= Beginning of Section =
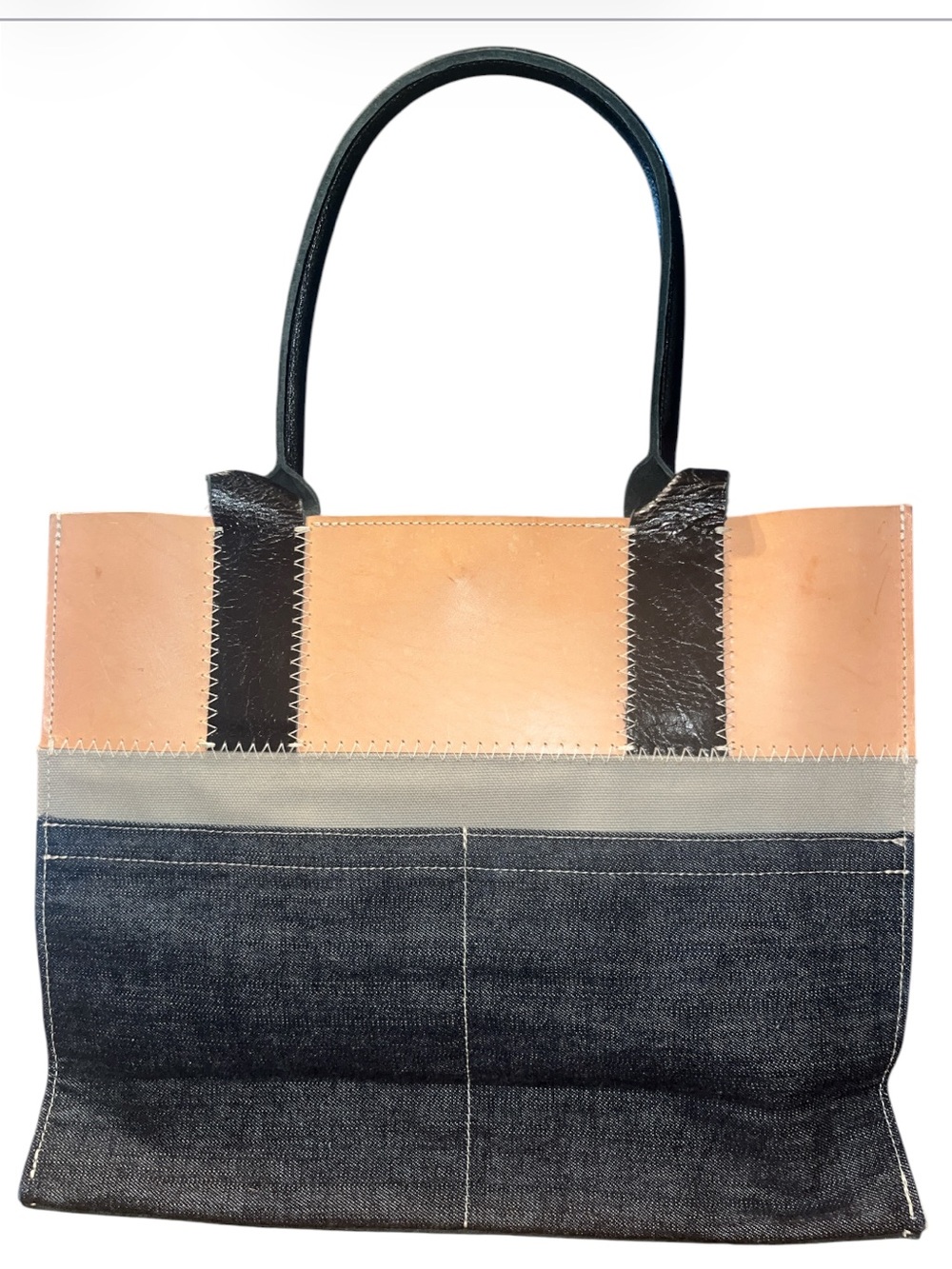 Graf Lantz Leather & Denim Ami Two-Tone Tote Bag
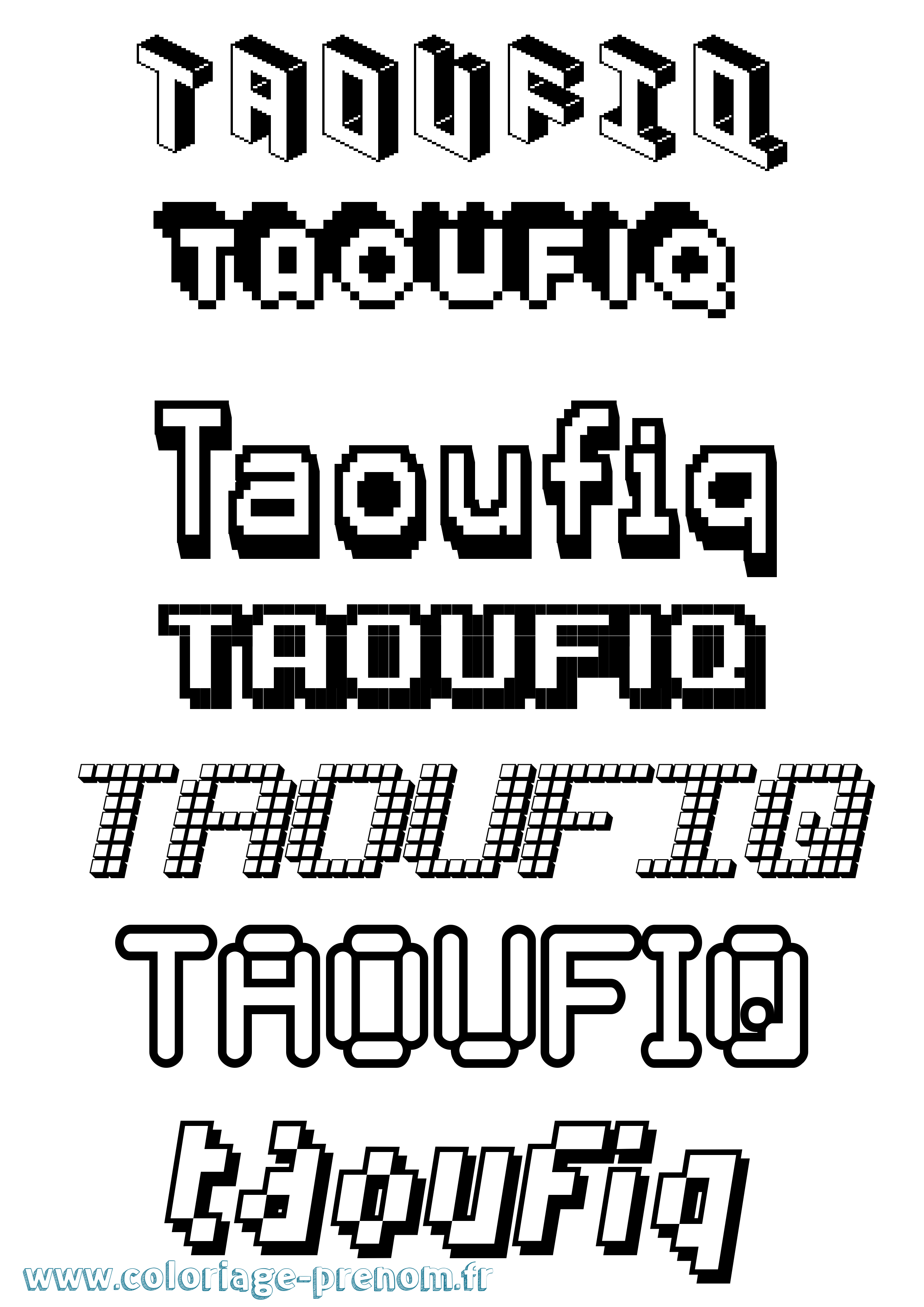 Coloriage prénom Taoufiq Pixel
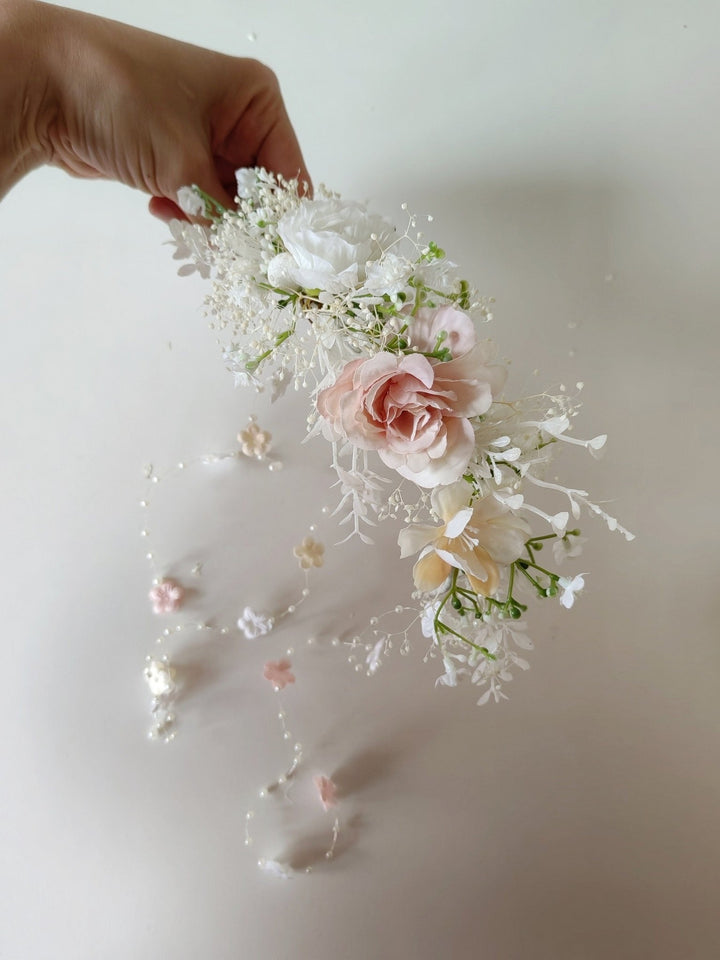 Romantic Wedding Hair Vine: Floral Bridal Veil, Pink White Cream – handmade floral hair accessory by magaela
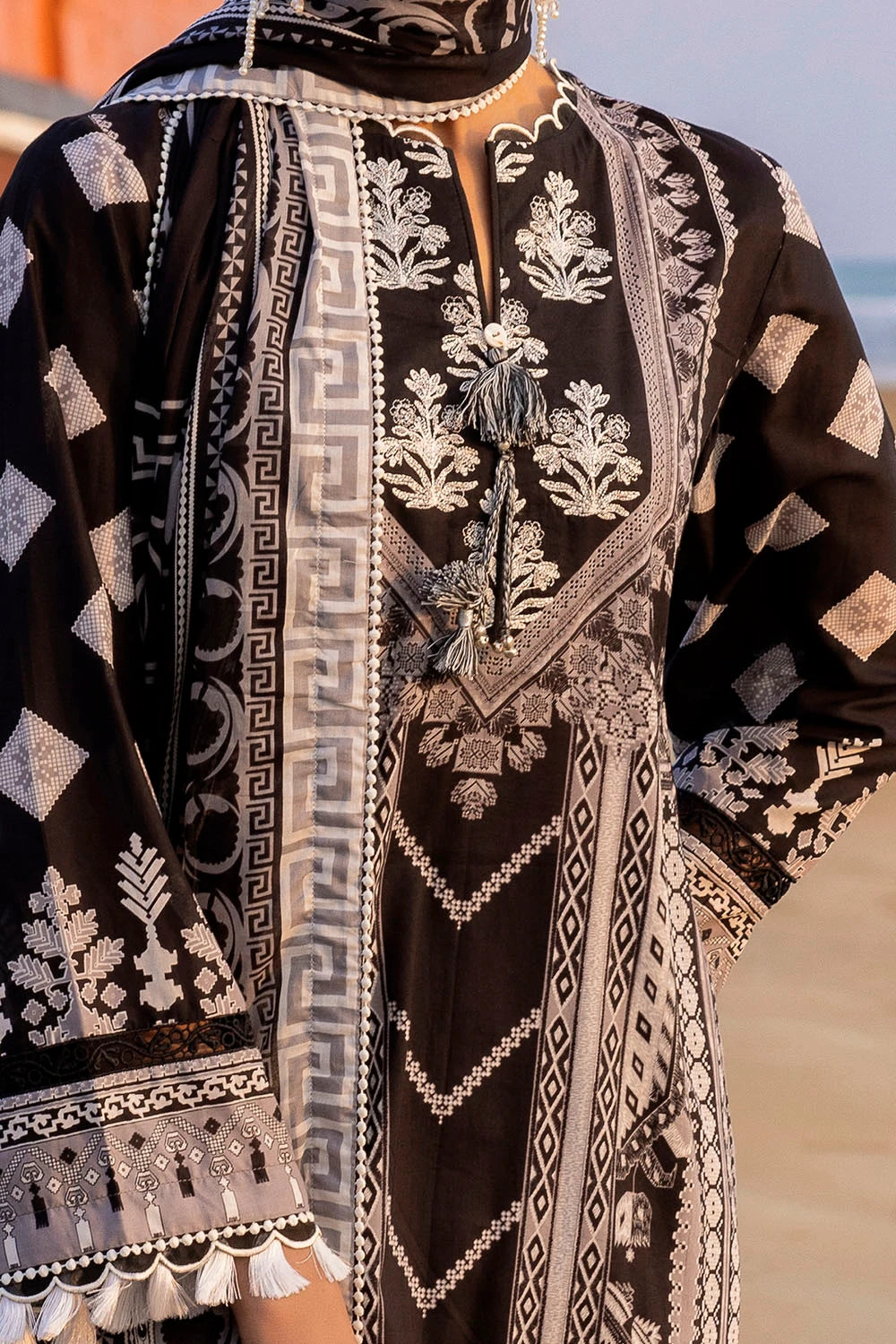 Summer Lawn Suit By Gul Ahmed lawn Pakistani suit detail view M&M Couture USA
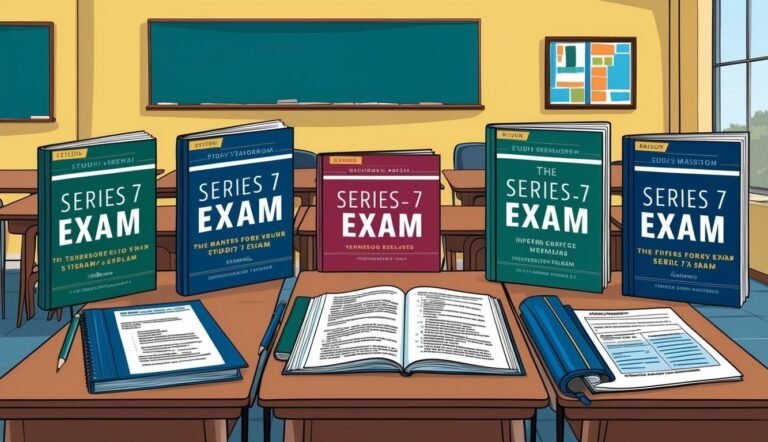 Classroom scene with "Series 7 Exam" books and open study materials on desks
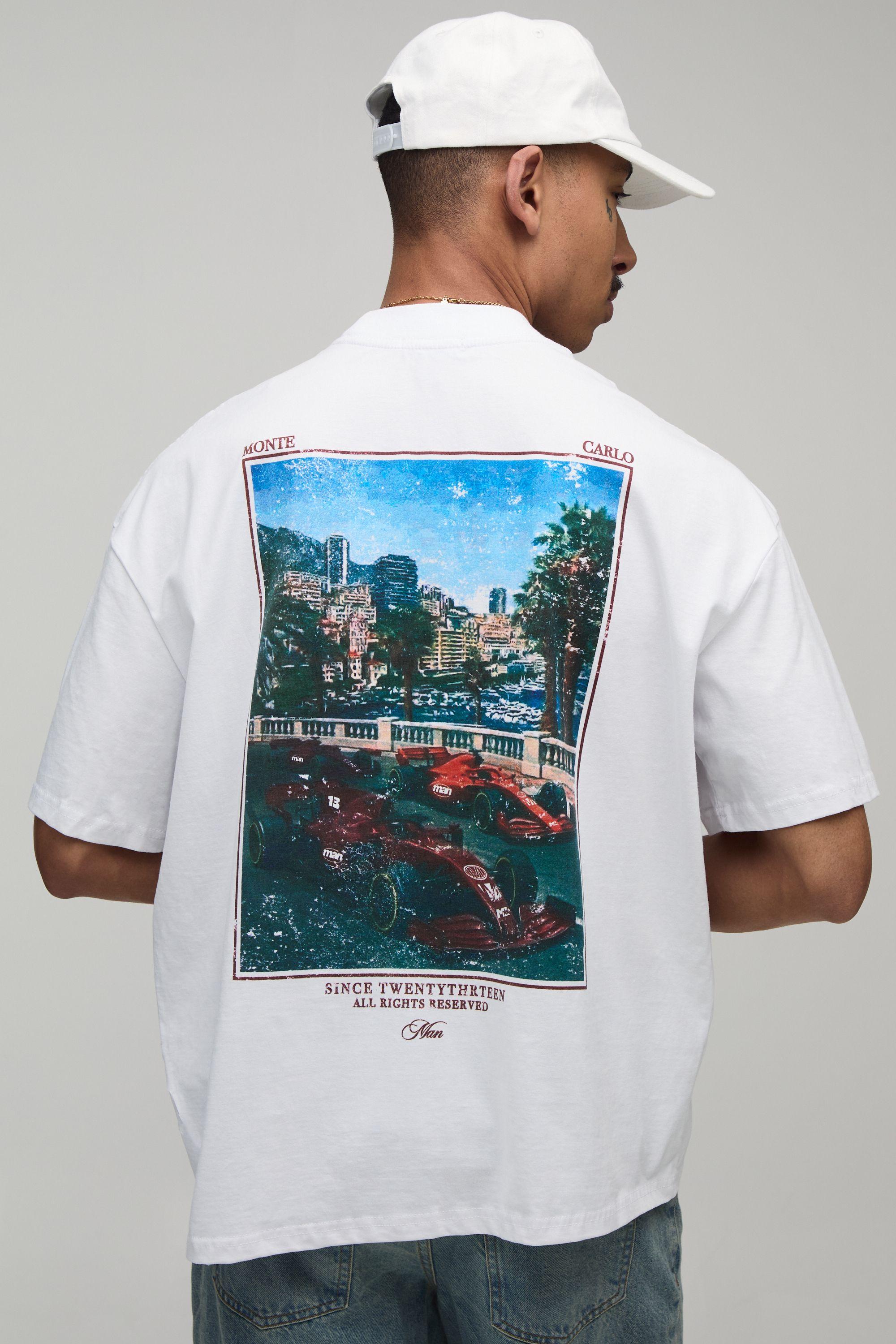 White Oversized Monte Carlo Photographic Print T-Shirt by BOOHOOMAN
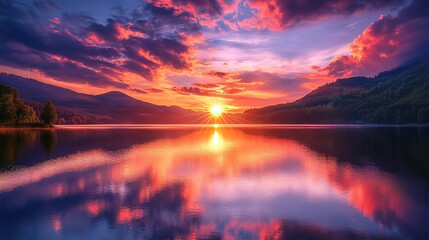A vibrant sunset paints the sky and water with colorful reflections over a serene lake landscape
= End of Section =
_What is being asked:_
From the line with "Summer Lawn Suit" down to the end of the entries, retype each line exactly as written, but drop the pictures.

_Task solution:_
 Summer Lawn Suit By Gul Ahmed lawn Pakistani suit detail view M&M Couture USA
 Classroom scene with "Series 7 Exam" books and open study materials on desks
 White Oversized Monte Carlo Photographic Print T-Shirt by BOOHOOMAN
A vibrant sunset paints the sky and water with colorful reflections over a serene lake landscape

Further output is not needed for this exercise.